We’re very proud of how well YJIT, the default JIT in CRuby, optimizes Rails apps. We’ve been using small Rails benchmarks for a couple of years. But as YJIT improves we need more data from real world apps to help us understand what will speed up Ruby the most. We turned the Lobsters codebase into a nice new benchmark. So how did we do that?
YJIT Optimization is Climbing Steps
We create benchmarks and then we work to make YJIT good at them. You can see how YJIT speeds up over time on the same benchmark.
We write benchmarks, we measure benchmarks, and over time we fix YJIT problems that benchmarks show us. Thus does YJIT improve over time.
As of mid-August, we get about 64% speedup on Railsbench and 83% (!) on erubi-rails. YJIT works pretty well for them.
So we decided to add something bigger and more interesting. But not too interesting. With a gigantic benchmark, it can be hard to tell what’s causing any given trouble, and to understand the results.
Railsbench has about 3,000 compiled ISEQs (Ruby instruction sequences) which can be methods, blocks, procs or similar. And it generates around 5MiB of compiled native code. We wanted something bigger than that. The ISEQ numbers below are a bit smaller because they’re for a single iteration, so not all ISEQs are fully compiled.
|liquid-render||146||Liquid template renderer|
|30k-ifelse||9,263||Many, many if/else statements|
|erubi-rails||288||Erubi template renderer|
|railsbench||1,359||Single-resource Rails benchmark|
We looked around for a real-world codebase to start from. Discourse has many dependencies, lots of complexity and very involved setup. It’s a living application and changes frequently. It can be a real pain to keep current – especially when YJIT and Ruby may be changing underneath it. It’s been used for benchmarks, but it can be complex. We’ll eventually want a constantly-running Discourse benchmark, but it’s a pretty audacious target. We decided to start smaller.

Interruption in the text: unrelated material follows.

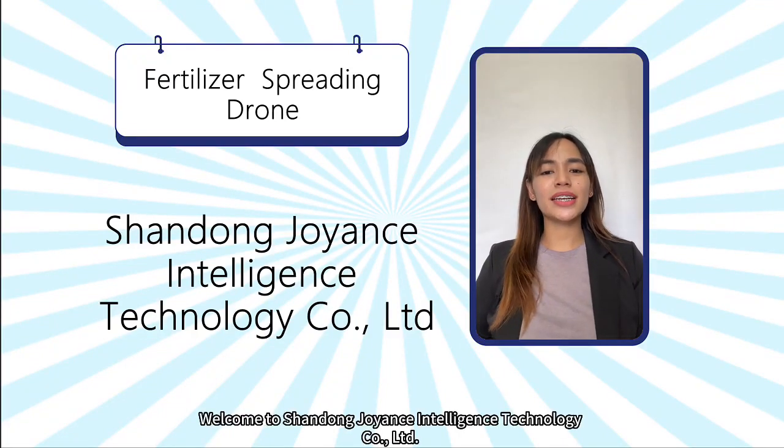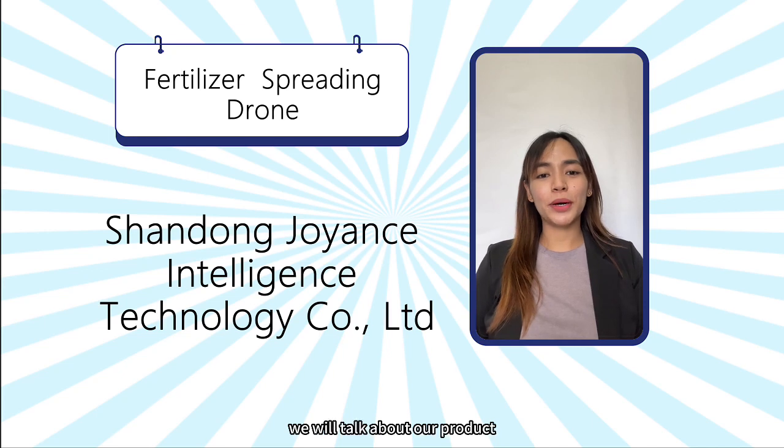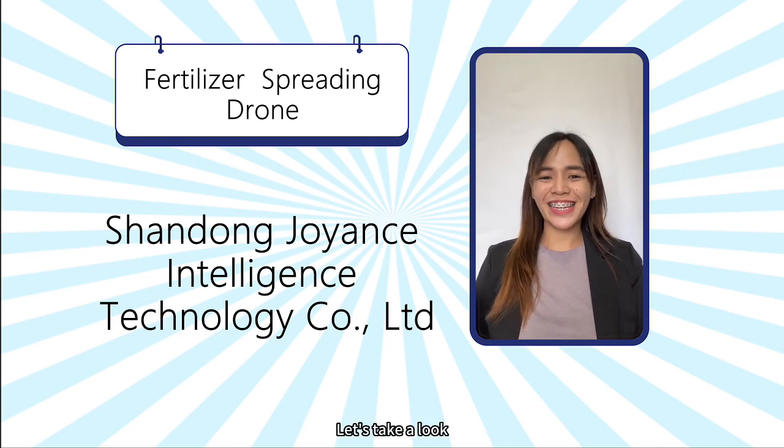Hello, welcome to Shandong Giant's Intelligence Technology Company Limited. Today we will talk about our product, the Fertilizer Spreading Drone. Let's take a look.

Redmine, a Ruby issue tracker, is another decent choice. Like Discourse, folks have benchmarked it before. The code is old and not very clean, but it’s definitely an option.
And Mastodon is a popular choice lately. It runs Rails. It’s widely deployed. It’s trendy. YJIT does work on it. But Mastodon has a lot of dependencies. We’d spend a lot more time making cross-process round trips to PostgreSQL and Redis. We’d likely need some fiddly changes to how it handles setup. Eventually we may need a benchmark like that, but not quite yet.
Luckily for us, the code to the https://lobste.rs site is public. It’s a surprisingly neat and tidy little Rails application. It has few dependencies – fewer than you’d think for a Rails app its size, and fewer than you’d expect for a real-world codebase.
What Were We Building?
We knew roughly what size Rails benchmark we wanted. We decided Lobsters looked good. We also wanted a few other things:
A benchmark on edge-Rails – that is, on the very latest, constantly-updated head-of-main Rails code. That way we can watch how we’re doing as Rails changes.
SQLite in-memory mode to reduce database overhead. I thought this was a bit of a stretch goal… and I was wrong. That worked out great with minimal extra work.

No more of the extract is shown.